- TASK DIRECTIONS
Go to the line in the entries below that holds "Birch Set of" and repeat exactly from there through the line that holds "İpek Porselen Duru", inclusive.

- Stored data entries
::::::

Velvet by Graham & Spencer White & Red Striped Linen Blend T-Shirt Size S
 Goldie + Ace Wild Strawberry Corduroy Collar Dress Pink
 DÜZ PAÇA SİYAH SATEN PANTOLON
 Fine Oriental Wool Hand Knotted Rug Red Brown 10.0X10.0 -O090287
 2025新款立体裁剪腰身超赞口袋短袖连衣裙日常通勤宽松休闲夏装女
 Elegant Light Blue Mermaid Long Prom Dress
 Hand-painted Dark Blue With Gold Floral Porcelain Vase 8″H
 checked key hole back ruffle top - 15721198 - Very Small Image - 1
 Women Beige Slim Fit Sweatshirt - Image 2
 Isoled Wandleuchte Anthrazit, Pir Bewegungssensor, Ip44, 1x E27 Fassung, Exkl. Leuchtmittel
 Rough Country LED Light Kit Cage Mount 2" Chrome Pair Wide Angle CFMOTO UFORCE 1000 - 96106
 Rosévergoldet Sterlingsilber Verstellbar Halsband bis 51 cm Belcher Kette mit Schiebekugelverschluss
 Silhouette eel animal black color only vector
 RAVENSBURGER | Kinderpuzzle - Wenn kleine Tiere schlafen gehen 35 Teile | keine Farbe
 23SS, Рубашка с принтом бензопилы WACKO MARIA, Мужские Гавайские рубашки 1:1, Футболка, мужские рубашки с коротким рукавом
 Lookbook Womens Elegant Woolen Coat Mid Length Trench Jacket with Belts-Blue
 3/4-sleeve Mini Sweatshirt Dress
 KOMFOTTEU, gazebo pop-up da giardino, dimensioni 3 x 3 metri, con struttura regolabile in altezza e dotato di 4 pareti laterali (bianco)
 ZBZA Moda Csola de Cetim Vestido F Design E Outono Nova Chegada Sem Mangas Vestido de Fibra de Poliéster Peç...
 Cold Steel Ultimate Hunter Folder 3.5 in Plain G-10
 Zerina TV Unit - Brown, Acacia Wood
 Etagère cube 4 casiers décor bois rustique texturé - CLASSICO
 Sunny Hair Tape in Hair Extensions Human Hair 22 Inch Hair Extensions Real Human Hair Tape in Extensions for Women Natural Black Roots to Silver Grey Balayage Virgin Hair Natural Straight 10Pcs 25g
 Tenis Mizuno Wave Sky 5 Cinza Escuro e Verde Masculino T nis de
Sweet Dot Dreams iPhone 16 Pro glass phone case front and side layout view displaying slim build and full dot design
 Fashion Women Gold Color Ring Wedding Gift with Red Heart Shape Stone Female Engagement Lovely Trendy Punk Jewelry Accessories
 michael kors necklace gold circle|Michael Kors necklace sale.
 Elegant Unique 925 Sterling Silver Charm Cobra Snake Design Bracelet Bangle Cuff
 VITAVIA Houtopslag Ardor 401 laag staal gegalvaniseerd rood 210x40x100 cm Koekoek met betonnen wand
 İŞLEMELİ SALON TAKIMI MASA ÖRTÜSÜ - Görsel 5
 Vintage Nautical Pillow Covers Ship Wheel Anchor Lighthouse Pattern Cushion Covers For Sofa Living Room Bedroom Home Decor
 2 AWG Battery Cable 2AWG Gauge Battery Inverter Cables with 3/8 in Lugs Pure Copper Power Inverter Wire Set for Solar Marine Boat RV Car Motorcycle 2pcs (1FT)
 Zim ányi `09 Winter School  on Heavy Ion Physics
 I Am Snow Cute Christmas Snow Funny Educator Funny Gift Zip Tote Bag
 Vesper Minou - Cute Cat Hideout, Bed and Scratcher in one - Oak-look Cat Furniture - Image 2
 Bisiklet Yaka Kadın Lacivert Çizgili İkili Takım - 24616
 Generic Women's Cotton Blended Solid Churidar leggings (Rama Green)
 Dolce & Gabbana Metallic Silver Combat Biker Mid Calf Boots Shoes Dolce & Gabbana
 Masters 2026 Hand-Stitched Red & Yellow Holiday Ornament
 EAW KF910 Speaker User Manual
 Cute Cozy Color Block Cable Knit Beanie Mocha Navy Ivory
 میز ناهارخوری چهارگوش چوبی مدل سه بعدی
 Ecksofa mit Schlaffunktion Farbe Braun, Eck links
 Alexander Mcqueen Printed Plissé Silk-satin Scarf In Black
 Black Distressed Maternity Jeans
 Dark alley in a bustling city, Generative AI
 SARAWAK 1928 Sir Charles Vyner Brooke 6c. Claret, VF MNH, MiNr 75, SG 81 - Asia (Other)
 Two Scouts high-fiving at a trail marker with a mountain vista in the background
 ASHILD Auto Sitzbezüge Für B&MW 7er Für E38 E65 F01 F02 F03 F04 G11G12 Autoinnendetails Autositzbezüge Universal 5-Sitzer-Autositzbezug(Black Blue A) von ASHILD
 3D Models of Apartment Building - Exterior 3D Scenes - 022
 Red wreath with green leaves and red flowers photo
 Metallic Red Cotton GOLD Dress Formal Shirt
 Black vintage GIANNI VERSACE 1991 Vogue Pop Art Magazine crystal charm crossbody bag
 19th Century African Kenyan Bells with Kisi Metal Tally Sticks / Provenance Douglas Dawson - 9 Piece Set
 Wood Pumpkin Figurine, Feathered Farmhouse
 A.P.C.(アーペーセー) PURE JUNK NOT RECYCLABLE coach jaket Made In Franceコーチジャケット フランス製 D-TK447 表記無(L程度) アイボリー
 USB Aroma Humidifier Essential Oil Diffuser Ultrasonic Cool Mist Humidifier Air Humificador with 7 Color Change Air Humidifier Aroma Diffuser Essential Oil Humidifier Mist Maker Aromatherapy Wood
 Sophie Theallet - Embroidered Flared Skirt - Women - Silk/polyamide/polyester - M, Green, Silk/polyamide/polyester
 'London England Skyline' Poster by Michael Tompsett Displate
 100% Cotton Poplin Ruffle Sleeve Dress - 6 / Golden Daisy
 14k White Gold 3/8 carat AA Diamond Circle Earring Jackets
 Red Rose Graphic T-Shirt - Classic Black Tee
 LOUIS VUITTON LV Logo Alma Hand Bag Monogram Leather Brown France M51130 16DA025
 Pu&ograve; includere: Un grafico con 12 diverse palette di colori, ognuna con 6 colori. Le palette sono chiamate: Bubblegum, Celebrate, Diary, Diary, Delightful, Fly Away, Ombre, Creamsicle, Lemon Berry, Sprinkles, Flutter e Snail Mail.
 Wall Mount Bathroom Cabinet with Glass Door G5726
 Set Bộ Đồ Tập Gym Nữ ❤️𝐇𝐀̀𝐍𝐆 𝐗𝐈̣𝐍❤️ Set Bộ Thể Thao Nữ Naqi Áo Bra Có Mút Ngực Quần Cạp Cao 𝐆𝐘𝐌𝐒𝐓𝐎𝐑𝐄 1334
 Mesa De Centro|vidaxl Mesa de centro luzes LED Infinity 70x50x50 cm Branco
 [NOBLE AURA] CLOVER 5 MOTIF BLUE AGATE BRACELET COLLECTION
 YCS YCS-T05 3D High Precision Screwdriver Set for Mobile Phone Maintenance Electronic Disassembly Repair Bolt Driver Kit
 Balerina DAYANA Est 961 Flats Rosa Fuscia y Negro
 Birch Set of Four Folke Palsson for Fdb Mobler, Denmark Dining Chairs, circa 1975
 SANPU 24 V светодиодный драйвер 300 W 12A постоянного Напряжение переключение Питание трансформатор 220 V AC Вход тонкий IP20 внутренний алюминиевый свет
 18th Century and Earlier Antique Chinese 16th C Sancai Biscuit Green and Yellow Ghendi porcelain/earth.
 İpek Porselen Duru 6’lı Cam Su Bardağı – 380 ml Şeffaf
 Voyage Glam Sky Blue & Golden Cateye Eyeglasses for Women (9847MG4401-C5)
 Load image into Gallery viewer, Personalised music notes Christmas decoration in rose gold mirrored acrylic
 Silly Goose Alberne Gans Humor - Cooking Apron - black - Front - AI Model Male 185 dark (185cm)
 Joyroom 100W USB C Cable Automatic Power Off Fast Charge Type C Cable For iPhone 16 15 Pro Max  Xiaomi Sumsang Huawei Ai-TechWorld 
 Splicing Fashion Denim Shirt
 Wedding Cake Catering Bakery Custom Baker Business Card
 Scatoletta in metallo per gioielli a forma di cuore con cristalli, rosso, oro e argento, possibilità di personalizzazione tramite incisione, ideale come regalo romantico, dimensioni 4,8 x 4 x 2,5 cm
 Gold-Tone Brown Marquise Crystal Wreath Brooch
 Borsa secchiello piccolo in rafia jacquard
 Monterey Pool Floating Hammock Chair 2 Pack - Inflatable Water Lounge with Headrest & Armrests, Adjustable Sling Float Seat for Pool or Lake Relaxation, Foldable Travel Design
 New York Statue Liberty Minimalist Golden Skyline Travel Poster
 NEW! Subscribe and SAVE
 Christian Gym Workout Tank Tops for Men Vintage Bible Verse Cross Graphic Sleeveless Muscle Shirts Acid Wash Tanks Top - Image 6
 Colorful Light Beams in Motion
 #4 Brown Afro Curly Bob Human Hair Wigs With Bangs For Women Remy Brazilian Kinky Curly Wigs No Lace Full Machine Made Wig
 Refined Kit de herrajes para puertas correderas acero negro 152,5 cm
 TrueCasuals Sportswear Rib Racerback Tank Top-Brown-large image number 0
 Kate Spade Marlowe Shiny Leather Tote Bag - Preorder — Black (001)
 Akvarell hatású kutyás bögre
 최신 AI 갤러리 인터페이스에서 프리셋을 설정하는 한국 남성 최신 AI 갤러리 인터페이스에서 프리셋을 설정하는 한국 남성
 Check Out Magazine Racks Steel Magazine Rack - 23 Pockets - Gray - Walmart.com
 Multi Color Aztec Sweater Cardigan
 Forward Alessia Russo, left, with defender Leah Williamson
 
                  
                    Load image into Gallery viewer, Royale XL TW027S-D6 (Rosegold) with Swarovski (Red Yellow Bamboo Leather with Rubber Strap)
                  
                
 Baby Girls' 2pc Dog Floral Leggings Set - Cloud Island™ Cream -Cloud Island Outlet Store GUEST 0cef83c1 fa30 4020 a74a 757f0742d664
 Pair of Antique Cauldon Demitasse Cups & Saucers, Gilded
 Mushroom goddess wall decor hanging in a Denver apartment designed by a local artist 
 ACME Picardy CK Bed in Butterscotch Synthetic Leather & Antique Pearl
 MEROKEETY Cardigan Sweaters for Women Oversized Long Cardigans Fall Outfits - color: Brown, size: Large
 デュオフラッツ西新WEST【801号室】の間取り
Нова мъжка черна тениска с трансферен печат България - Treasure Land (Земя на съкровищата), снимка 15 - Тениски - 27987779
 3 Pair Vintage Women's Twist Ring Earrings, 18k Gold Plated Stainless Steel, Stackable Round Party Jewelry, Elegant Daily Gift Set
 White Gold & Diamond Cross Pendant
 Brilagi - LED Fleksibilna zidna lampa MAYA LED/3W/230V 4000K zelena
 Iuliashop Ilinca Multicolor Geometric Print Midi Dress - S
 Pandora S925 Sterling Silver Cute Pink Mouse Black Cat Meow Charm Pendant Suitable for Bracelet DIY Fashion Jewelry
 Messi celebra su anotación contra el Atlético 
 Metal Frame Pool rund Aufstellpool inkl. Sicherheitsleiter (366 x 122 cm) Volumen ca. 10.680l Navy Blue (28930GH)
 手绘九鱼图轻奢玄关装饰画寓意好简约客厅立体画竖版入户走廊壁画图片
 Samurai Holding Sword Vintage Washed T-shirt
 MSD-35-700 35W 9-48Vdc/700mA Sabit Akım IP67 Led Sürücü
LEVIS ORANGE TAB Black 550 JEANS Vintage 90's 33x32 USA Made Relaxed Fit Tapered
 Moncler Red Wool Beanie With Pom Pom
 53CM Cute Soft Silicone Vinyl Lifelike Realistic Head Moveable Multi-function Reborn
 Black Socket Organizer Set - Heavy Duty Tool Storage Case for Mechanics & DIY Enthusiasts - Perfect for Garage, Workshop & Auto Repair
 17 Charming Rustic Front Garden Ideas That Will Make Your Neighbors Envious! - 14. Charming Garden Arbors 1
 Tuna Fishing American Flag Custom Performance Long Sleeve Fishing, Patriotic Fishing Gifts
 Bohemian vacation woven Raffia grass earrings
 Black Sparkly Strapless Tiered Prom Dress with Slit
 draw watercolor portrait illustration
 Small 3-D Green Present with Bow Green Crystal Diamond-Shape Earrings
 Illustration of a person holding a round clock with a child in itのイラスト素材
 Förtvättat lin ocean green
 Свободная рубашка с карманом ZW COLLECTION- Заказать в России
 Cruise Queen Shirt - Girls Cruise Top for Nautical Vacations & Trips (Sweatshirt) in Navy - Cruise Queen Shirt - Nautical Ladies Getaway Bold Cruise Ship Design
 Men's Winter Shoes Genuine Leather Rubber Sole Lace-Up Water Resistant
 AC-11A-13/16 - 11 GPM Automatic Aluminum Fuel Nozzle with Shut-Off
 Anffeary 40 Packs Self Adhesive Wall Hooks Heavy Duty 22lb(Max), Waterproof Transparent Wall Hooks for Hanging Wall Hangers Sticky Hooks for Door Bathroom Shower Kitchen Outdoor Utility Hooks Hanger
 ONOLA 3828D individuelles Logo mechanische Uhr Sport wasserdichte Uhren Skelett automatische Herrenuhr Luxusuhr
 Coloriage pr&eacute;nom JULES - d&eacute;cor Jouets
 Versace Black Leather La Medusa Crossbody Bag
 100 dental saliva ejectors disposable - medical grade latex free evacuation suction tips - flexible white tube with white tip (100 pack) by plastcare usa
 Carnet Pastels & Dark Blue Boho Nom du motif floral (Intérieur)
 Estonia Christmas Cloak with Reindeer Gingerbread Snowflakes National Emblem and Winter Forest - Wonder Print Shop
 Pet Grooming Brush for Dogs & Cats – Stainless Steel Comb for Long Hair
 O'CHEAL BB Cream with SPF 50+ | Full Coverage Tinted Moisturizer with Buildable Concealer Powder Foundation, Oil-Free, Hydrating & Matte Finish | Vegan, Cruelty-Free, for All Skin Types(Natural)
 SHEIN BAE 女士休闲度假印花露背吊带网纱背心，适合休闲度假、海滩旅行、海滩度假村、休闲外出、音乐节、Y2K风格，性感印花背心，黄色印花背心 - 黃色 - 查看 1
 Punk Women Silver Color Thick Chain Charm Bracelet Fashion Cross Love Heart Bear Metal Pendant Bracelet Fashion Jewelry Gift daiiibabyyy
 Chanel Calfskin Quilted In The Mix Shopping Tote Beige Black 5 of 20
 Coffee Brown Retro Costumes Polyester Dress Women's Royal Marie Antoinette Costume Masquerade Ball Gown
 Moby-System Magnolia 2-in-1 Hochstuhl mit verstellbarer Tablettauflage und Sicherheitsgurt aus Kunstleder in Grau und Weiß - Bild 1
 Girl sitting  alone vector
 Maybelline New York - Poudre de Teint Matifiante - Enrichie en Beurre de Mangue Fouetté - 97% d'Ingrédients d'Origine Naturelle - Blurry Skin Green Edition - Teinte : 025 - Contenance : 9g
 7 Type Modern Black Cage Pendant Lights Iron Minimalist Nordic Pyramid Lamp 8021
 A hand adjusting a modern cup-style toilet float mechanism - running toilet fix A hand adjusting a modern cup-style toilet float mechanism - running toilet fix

::::::

- SOLUTION FOR THIS EXERCISE
 Birch Set of Four Folke Palsson for Fdb Mobler, Denmark Dining Chairs, circa 1975
 SANPU 24 V светодиодный драйвер 300 W 12A постоянного Напряжение переключение Питание трансформатор 220 V AC Вход тонкий IP20 внутренний алюминиевый свет
 18th Century and Earlier Antique Chinese 16th C Sancai Biscuit Green and Yellow Ghendi porcelain/earth.
 İpek Porselen Duru 6’lı Cam Su Bardağı – 380 ml Şeffaf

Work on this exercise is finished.